What do you do when your congregation is dying? You are told by "experts" to change: change the music, the worship, and the outreach. Stop catering to the old, and go after the young. Be hip, be cool, be casual, be entertaining, be happy, be whatever you have to be to get those people into your pews. It is easy to mock the church growth mantras, but when the prospect of closing the church's doors forever becomes a real possibility, you begin to think maybe it's worth a try.

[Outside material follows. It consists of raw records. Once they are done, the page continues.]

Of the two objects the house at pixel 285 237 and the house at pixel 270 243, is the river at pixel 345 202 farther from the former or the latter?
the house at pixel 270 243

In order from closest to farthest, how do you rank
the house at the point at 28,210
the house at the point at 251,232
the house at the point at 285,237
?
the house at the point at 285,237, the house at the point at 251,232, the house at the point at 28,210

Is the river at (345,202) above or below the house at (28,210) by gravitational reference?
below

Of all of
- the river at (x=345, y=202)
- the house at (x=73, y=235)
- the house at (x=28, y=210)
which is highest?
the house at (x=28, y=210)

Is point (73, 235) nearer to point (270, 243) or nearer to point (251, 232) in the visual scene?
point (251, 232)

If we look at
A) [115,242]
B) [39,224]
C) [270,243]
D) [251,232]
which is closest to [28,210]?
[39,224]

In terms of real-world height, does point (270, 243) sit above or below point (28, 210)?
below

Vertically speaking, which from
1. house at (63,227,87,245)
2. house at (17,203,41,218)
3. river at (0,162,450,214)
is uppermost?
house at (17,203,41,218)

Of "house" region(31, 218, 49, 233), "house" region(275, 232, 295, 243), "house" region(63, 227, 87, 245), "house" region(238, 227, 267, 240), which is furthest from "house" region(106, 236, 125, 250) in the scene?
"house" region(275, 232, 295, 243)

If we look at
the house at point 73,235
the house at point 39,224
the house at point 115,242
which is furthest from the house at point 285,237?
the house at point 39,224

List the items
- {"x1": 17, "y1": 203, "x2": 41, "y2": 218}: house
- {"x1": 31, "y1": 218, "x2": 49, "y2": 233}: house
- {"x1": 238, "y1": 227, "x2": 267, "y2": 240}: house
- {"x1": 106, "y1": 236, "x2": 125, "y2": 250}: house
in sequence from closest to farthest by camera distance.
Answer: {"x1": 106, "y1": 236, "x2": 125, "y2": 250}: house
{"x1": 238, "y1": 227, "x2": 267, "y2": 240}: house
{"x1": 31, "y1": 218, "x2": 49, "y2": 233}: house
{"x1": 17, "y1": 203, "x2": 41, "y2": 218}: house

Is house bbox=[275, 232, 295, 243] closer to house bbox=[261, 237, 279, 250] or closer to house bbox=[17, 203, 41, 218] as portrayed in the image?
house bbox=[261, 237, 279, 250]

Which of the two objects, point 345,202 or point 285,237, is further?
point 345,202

So after New Year's, our church is going to try and simplify its worship service, modernize its music, and advertise to the local unchurched that we are now "user friendly, so come as you are." This means the organ will be replaced by piano and guitars. The liturgy which I have known since I was a child will be pared back to a few key elements: Praise, Prayer, Offering, Scripture, Sermon, Praise. I recognize that what comforts me and most of the older members is a form of worship which crystallized in the late 19th century. I realize that it is no more spiritual or biblical than the new. In this postmodern, post-Christian megalopolis, our visitors don't care about responsive Psalter readings, assurances of pardon, doxologies and votums. If they come to worship at all, they surely don't want to feel lost or confused, or out of place in a room with 50 retirees singing music which reminds them of Lawrence Welk.

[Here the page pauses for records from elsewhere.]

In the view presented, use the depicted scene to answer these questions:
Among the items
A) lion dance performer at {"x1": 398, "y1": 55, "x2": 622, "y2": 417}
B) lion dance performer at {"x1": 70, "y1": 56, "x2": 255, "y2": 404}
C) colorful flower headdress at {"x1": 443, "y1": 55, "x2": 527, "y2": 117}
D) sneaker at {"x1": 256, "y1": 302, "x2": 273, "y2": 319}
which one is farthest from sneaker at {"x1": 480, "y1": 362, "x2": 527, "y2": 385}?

We are recognizing that the congregation is on life-support, its days numbered unless some intervention is made. My prayer is that our efforts will foster a simplicity combined with joy, in the presence of the Spirit, who is "the Lord, the giver of life" (Nicene Creed). My hope is that a visitor will find a community exalting God, preaching Christ, and yet one free of obstacles or time-bound idolatries.
Why then do I feel so conflicted about this? I have no intention of changing the style or substance of my sermons, nor am I about to change the content of our communal prayers. I suppose what I fear is a descent into an arid mediocrity. So much evangelical worship seems repetitive, vapid, and shallow. Perhaps my discomfort comes from remembering the methodology of the early church. In the midst of a hostile, even persecuting pagan environment, the early Christian leaders made it
difficult to join the church. The catechumenate was a three year long process, involving much prayer, fasting, instruction, memorization, and mortification of desire. The disorientation Protestants feel upon worshipping in a Roman Catholic or Eastern Orthodox church is a reflection of just how out of sync we are with the idea of the Church as a body of believers
set apart and called out of the world. We are taught to grow the church by blurring the boundary between it and the world. The first Christians grew their churches by doing the exact opposite: by highlighting the differences between the new life and the old.

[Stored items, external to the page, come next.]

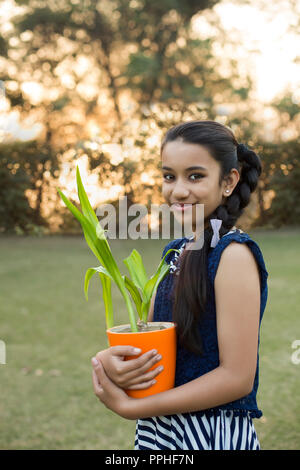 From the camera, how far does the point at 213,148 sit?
119cm

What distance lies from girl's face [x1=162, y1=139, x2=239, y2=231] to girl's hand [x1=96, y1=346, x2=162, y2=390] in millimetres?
348

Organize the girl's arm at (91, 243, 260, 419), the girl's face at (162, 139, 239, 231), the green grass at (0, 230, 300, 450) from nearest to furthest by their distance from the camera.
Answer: the girl's arm at (91, 243, 260, 419), the girl's face at (162, 139, 239, 231), the green grass at (0, 230, 300, 450)

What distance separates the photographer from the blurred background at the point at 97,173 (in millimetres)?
3393

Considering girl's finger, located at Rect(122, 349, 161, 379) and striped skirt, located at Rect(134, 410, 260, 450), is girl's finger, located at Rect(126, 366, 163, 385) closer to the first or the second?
girl's finger, located at Rect(122, 349, 161, 379)

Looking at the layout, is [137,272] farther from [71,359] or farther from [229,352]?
[71,359]

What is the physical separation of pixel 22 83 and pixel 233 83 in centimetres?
551

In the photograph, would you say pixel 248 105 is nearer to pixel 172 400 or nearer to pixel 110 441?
pixel 110 441

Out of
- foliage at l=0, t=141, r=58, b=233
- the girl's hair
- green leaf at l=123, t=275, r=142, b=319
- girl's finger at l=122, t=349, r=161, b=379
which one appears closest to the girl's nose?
the girl's hair

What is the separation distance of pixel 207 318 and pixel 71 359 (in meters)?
3.81

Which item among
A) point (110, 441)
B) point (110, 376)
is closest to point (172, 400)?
point (110, 376)

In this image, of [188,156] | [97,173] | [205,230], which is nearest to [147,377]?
[205,230]

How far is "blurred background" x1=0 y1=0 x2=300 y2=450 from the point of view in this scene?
11.1 ft

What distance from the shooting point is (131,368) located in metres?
1.07

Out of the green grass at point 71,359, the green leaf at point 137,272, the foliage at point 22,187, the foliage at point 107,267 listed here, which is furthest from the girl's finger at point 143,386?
the foliage at point 22,187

In St. John Lateran in Rome, there is an ancient octogonal baptistry attached to the church. At Easter, catechumens were stripped of their old clothes, descended three steps (for the Trinity), immersed in holy water, walked up three steps on the opposite side, and were given white robes and led into the sanctuary, where they were allowed, for the first time, to receive communion. In the midst of this baptistry is a bronze sculpture of a deer, from Psalm 42, "As the deer longs for flowing streams, so my soul longs for you, O God." And so I ask myself, is our church dying because we have become trapped in the past, or rather because we have divorced ourselves from a longing for God which overcomes the love of the world and all "obstacles" the church places in front of newcomers? If we seek life-support by allowing the Spirit to create an
ekklesia, a called-out body of believers, then it will have been worth the risk. If all we do is substitute one idolatry for another, we might as well not have tried. No matter what, however, God's will be done.